Inside US Trade | November 15, 2001
The fourth ministerial of the World Trade Organization concluded on Nov. 14 with the U.S. and India offering conflicting interpretations of what had actually been agreed with respect to four areas of WTO work. India succeeded in obtaining a statement from the conference chair that it claims reverses the presumption in the final declaration that negotiations on government procurement, trade facilitation, investment and competition have been launched at Doha.
But a U.S. official insisted that the final declaration is the "governing" document for the ministerial, implying that the declaration carried more weight than the statement by Qatari trade minister Youssef Kamal in his role as the ministerial's chair. The official said that the declaration launches negotiations in those four areas but that ministers will make decisions on the subject matter and methods of negotiations at their next conference in 2003.

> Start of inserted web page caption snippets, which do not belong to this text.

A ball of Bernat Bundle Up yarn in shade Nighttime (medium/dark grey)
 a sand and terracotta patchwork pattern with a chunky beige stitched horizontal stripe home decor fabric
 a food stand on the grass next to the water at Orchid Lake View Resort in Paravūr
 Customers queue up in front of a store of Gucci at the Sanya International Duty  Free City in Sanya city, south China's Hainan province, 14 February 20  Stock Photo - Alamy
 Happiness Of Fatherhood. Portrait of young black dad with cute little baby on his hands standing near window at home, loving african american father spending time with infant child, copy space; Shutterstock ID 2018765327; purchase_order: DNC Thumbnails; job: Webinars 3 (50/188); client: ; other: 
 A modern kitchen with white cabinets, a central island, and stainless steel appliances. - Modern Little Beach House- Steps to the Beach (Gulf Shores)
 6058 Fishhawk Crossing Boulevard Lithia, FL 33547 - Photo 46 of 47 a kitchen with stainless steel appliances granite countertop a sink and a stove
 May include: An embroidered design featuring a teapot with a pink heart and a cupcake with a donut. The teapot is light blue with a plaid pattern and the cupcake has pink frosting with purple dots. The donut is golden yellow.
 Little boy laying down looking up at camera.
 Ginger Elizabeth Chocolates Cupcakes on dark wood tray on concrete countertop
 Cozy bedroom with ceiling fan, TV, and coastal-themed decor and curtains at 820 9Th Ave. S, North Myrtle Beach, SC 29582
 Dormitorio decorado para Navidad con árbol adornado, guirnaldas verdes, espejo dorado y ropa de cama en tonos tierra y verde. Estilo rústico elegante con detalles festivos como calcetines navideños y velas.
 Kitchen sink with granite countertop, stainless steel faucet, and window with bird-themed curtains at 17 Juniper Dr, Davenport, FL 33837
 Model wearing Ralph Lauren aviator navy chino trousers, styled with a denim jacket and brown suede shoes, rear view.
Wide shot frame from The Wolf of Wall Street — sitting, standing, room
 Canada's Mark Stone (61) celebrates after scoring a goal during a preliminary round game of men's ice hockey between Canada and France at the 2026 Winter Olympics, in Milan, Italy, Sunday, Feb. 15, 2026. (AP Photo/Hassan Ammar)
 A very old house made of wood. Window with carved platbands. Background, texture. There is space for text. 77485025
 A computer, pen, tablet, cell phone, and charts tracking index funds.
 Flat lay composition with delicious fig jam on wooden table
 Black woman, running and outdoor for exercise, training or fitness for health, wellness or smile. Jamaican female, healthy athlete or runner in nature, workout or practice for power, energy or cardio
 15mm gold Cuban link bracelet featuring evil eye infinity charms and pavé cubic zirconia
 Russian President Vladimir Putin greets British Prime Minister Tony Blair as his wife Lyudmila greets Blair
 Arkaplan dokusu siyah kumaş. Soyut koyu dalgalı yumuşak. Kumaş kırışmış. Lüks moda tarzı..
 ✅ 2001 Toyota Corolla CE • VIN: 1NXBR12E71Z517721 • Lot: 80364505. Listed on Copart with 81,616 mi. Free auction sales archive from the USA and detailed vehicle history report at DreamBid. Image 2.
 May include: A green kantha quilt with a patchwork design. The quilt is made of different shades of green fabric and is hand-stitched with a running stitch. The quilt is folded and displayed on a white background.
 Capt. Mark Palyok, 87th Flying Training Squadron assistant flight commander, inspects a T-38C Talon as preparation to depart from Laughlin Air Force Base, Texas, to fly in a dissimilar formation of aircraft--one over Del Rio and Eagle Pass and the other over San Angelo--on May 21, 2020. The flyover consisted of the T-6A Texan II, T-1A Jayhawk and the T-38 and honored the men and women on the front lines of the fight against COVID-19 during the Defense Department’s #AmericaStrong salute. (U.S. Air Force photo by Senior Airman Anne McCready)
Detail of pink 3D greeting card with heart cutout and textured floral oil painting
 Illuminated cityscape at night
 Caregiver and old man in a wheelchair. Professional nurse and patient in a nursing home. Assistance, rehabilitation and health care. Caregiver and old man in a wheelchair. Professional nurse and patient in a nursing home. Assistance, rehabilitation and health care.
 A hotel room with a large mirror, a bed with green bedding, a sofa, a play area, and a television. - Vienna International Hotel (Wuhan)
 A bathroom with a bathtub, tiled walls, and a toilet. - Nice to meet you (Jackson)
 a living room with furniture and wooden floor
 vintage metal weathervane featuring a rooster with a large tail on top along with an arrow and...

The declaration contains the same formulation for all four Singapore issues. It states that ministers "agree that negotiations will take place, after the Fifth Session of the Ministerial on the basis of a decision to be taken, by explicit consensus, at that Session on modalities of negotiations."
India pressed hard for the chair's statement in closed door sessions that held up the conclusion of the ministerial until Kamal made the following statement.
"My understanding is that at that [fifth ministerial] session, a decision would indeed need to be taken by explicit consensus before negotiations on [Singapore issues] could proceed," he said. "In my view, this would give each member the right to take a position on modalities that would prevent negotiations from proceeding after the fifth session of the ministerial conference until that member is prepared to join an explicit consensus." Kamal emphasized that his statement was made on behalf of the WTO.
Indian trade minister Murasoli Maran told reporters that this statement ensures no negotiations will start on the Singapore issues until India agrees, but that the WTO may continue to study the issues.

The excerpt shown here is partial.